Was macht den Front National in Lothringen so stark?
Hans-Christian Herrmann, Leiter des Saarbrücker Stadtarchivs, referiert über historische Gründe für den Aufstieg der rechtsextremen Partei.
Herr Herrmann, die rechtsextreme Partei Front National (FN) ist in Lothringen stark verankert. Wie lässt sich das historisch erklären?
HERRMANN Die Ursachen dafür liegen zum großen Teil im Strukturwandel. Mit Blick auf die Kohle- und Stahlkrise fühlten sich die Lothringer von der eigenen Politik aus Paris vernachlässigt, etwa gegenüber Nordfrankreich. In der Bevölkerung wuchs über viele Jahre ein Gefühl, zu kurz zu kommen. Dieses Gefühl verfestigte sich in den 1980er Jahren und ist auch heute noch zu spüren. Zum anderen muss man sehen, dass sich der Front National zur Partei der Elitenkritik entwickelt hat. Diese Kritik bedient das Gefühl der Lothringer, abgehängt zu werden. Während der Stahlkrise wurden auch viele Versprechungen seitens der Politik und Wirtschaft gemacht und anschließend nicht eingehalten. Der Front National setzt auf das Nationale und erklärt Krisen vereinfacht populistisch, die eigentlichen Ursachen werden nicht thematisiert.

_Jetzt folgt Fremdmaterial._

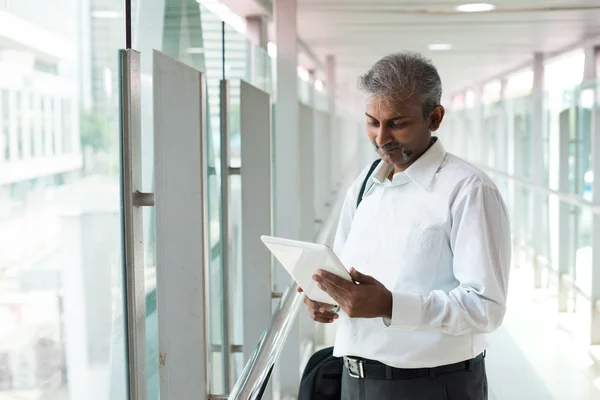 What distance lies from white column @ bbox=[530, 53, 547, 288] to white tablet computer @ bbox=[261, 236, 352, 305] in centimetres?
806

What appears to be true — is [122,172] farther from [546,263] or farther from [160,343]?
[546,263]

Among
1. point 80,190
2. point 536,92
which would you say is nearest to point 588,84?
point 536,92

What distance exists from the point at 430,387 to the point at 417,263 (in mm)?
315

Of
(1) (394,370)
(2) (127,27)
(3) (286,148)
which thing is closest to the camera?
(2) (127,27)

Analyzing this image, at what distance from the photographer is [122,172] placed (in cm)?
178

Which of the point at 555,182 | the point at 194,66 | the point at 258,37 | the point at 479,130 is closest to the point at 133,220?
the point at 194,66

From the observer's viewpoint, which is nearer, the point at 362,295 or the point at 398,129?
the point at 362,295

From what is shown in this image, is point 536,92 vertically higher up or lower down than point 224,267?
higher up

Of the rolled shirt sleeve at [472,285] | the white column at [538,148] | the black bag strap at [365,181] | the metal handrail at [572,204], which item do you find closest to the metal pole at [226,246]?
the black bag strap at [365,181]

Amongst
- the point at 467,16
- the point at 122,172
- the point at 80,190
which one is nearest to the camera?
the point at 80,190

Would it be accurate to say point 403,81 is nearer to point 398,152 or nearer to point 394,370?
point 398,152

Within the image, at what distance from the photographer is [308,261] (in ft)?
6.23

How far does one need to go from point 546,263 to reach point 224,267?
7.73 metres

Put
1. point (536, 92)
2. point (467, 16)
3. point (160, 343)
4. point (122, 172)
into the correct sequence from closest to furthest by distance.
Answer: point (122, 172), point (160, 343), point (467, 16), point (536, 92) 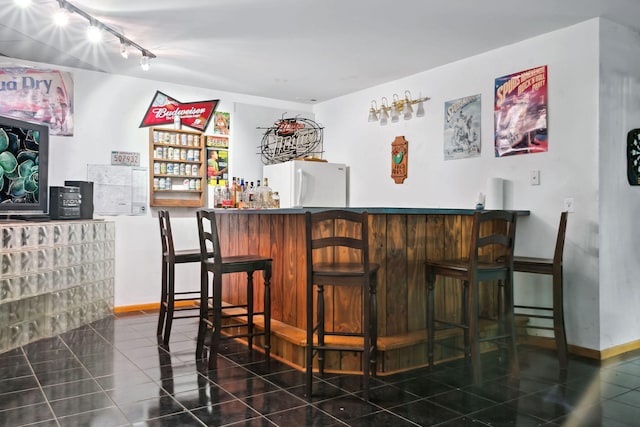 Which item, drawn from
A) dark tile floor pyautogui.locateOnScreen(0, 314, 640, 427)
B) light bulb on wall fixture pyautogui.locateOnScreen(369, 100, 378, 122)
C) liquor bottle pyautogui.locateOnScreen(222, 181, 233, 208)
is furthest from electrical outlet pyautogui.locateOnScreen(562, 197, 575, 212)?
liquor bottle pyautogui.locateOnScreen(222, 181, 233, 208)

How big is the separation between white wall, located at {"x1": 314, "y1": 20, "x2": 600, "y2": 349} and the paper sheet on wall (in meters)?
2.97

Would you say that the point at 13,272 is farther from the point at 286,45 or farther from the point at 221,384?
the point at 286,45

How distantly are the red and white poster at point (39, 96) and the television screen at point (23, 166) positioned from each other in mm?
586

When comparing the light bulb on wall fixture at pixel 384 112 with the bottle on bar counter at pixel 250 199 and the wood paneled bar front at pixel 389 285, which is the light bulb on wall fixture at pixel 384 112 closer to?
the bottle on bar counter at pixel 250 199

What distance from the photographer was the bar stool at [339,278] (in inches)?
109

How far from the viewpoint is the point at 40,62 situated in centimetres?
497

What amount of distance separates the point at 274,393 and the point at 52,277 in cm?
250

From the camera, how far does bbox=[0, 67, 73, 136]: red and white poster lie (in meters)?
4.80

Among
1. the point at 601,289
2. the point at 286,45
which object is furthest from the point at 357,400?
the point at 286,45

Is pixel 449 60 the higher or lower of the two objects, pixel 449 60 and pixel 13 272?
the higher

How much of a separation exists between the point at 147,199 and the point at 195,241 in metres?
0.78

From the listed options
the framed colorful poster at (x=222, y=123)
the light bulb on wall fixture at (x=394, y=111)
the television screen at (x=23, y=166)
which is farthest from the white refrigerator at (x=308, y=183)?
the television screen at (x=23, y=166)

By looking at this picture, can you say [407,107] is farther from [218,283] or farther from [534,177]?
[218,283]

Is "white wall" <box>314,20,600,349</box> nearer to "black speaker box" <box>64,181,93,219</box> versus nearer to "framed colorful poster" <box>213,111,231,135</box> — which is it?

Solche Argumente nutzen auch linksradikale Parteien. Warum bekommen sie nicht so viel Zuspruch
wie der FN?
HERRMANN Das stimmt, die Gewerkschaft CGT und die kommunistische Partei PCF boten in der Stahlkrise nationale Lösungen der Abschottung und Verstaatlichung an. Zu dieser Zeit waren beide auch sehr stark. Der Aufstieg des Front National in Lothringen deckt sich mit einer Schwächung der PCF.
Auch das Saarland ist vom Strukturwandel betroffen. Warum sind rechte Parteien hier nicht so stark?
HERRMANN Bis in den 1980er Jahren ist der Strukturwandel im Saarland gegenüber Lothringen erfolgreicher gewesen. Zwischen 1965 und 1972 sind sehr viele Firmen, insbesondere die Ford-Werke, angesiedelt worden. Somit wurden die verlorenen Arbeitsplätze weitgehend kompensiert. In Lothringen ist es zwar auch gelungen, Automobilindustrie anzusiedeln wie in Hambach mit Smart, aber verzögert und in geringerem Umfang. Vor allem aber spielt die höhere Bevölkerungsdichte und geringere Entfernungen im Saarland eine Rolle. Wie in Lothringen entstanden die neuen Arbeitsplätze nicht an den alten Montanstandorten, aber der Weg zu den neuen Arbeitsplätzen ist im Saarland kürzer.
Obwohl die Region um Nizza wirtschaftlich gut da steht, ist hier der FN sehr stark. Wie kommt das?
HERRMANN Wir haben in Deutschland zum Beispiel auch AfD-Spitzenergebnisse in Teilen von Baden-Württemberg oder in Ingolstadt, einer sehr vermögenden Stadt. Hier greifen die Themen Einwanderung und Islam. Es sind also in Lothringen und in Südfrankreich zum Teil völlig unterschiedliche Gründe, die zum gleichen Wahlverhalten führen.